In my case, fetchcompress.html has a prefetchable link compress.html.
To fetch this, I setup a fake request header with "Accept-Encoding: gzip" in
it. This is done internally by the squid code itself. I believe this is
successfully done as I can see it in the tcpdump (refer to "Request sent to
Apache (tcpdump)" section in my prev post).
When I retrieve this object using a StoreClientCopy(), it gives me an empty
object ie. Object length was 0.
a) Now did this happen because I simply retrieved the object based on the
url alone?
b) Why is the Content-Encoding tag absent from the reply header?
Aha. The answer then is *because* you fetched the object from cache via
URL alone. This URL points at a variant resource. The Squid cache entry
for the URL alone points at that internal/vary marker object. The real
object is stored at hash location built from URL plus the
Accept-Encoding header text "gzip".
You need to handle these vary marker objects as a tool to determine that:
a) the pre-fetcher needs to make several lookups for this URL, and
b) the marker objects Vary: header to decide what permutations of
which headers the prefetcher should use on its followup fetches.

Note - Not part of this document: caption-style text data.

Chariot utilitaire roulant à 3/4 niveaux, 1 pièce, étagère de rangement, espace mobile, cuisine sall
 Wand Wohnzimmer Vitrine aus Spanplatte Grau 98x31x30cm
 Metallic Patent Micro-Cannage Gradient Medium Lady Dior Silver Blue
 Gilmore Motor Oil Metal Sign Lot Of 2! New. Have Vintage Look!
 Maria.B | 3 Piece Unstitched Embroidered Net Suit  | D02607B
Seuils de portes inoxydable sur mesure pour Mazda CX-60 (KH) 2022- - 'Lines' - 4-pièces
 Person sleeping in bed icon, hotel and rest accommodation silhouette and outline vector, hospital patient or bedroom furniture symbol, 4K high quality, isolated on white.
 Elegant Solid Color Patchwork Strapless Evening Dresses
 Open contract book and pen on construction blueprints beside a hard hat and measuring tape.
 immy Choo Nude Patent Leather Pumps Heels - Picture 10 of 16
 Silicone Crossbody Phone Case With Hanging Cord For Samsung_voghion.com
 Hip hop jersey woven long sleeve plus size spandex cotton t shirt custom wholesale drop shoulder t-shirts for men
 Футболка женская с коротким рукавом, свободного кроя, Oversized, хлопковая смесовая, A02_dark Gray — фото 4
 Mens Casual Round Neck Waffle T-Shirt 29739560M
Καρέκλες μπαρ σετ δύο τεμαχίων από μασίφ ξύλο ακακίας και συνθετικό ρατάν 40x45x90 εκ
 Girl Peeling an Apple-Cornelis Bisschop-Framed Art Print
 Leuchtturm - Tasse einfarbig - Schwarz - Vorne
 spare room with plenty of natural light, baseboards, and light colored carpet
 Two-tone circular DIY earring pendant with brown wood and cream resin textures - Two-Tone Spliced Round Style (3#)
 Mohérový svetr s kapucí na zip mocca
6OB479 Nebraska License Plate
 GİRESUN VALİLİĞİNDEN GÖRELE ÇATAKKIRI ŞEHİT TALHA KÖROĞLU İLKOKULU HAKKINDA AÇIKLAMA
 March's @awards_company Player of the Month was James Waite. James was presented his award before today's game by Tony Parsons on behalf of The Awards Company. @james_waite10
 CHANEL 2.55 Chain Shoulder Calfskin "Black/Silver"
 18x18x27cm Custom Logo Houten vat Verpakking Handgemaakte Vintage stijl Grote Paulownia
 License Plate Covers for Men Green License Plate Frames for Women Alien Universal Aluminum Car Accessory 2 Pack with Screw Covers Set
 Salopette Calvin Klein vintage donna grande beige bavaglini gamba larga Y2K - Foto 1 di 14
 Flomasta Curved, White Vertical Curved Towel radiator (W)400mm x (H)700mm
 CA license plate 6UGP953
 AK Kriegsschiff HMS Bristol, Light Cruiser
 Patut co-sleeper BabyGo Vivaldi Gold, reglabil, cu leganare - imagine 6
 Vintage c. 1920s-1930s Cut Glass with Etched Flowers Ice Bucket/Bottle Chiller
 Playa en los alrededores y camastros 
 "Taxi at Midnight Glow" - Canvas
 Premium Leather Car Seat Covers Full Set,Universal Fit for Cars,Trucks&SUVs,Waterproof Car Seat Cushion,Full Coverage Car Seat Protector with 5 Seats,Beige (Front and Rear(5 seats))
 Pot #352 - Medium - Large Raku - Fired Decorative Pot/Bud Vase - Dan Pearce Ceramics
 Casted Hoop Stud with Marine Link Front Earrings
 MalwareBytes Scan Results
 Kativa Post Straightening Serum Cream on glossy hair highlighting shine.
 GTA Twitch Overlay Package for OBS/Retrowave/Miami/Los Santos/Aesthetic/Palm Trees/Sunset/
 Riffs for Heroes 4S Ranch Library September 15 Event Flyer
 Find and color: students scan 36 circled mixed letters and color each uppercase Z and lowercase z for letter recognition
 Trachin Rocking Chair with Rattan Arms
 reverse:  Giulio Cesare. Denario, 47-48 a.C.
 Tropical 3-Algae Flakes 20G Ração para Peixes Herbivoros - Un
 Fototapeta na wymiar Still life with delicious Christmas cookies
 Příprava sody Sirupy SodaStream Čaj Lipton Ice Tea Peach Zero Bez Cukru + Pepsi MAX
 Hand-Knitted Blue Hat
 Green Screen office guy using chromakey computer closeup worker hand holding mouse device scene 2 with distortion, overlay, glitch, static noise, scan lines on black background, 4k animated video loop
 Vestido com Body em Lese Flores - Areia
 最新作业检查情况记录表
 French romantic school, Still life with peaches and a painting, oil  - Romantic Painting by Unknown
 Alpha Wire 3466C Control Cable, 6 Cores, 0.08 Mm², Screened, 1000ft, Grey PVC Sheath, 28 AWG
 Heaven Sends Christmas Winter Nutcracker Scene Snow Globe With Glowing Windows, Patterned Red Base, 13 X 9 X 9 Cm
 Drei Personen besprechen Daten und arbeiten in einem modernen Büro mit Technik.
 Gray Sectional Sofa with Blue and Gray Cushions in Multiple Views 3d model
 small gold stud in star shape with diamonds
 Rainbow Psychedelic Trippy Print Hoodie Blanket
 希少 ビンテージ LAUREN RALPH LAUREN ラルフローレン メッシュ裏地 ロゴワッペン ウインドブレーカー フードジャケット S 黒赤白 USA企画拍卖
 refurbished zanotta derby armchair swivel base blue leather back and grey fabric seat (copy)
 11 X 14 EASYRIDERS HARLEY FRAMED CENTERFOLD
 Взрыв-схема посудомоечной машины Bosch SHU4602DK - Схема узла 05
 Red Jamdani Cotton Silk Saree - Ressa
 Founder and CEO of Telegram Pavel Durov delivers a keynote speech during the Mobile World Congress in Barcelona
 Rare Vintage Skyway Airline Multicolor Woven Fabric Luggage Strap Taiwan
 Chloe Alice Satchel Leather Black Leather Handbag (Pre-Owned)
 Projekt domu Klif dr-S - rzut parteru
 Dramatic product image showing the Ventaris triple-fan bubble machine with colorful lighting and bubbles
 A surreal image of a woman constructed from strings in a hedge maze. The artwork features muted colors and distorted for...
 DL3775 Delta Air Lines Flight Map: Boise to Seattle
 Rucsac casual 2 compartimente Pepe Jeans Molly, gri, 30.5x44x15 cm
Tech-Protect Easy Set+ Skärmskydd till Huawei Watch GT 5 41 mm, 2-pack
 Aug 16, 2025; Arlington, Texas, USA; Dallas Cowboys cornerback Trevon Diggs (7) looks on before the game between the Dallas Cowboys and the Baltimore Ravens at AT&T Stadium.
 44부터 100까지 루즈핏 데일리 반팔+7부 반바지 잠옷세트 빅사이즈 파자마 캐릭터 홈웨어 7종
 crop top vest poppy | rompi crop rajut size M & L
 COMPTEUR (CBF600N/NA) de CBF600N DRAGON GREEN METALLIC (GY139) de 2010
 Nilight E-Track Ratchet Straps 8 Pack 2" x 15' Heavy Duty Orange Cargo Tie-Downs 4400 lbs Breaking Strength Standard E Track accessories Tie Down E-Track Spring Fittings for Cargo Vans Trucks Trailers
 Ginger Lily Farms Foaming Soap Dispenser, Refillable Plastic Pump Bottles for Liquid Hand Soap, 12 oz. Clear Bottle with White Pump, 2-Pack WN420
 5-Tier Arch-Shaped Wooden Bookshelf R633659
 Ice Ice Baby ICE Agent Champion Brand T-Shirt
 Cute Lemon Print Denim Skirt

Here is a little sequence of client transactions and what to expect in
the store contents state for your edification:
For simplicity the start state is a new URL with no stored contents.
1) your prefetch pulls using Accept-Encoding:gzip.
Store determines MISS on the URL.
After the server responds Squid store contains
+ HASH(URL) --> vary marker
+ HASH(URL+"gzip") --> server gzipped response
2) client fetches URL using "Accept-Encoding:gzip,deflate"
Store loads the vary marker, determines MISS on the URL+"gzip,deflate"
After the server responds Squid store contains
+ HASH(URL) --> vary marker
+ HASH(URL+"gzip") --> server gzipped response
+ HASH(URL+"gzip,deflate") --> server gzipped response
3) client fetches URL using "Accept-Encoding:deflate"
Store loads the vary marker, determines MISS on the URL+"deflate"
After the server responds Squid store contains
+ HASH(URL) --> vary marker
+ HASH(URL+"gzip") --> server gzip encoded response
+ HASH(URL+"gzip,deflate") --> server gzip encoded response
+ HASH(URL+"deflate") --> server deflate encoded response
4) client fetches URL using "Accept-Encoding:sdch"
Store loads the vary marker, determines MISS on the URL+"sdch"
After the server responds Squid store contains
+ HASH(URL) --> vary marker
+ HASH(URL+"gzip") --> server gzip encoded response
+ HASH(URL+"gzip,deflate") --> server gzip encoded response
+ HASH(URL+"deflate") --> server deflate encoded response
+ HASH(URL+"sdch") --> server sdch encoded response
Repeat for all possible combinations of all encodng types (including
whitespace padding permutations). With an occasional HIT when a client
repeats the Accept-Encoding header.
This is why prefetching is not very popular. You have to prefetch at
least 4 variants of the encoding header just to cover the most popular
browsers - I will leave it to you to figure out what those are.
HTH
Amos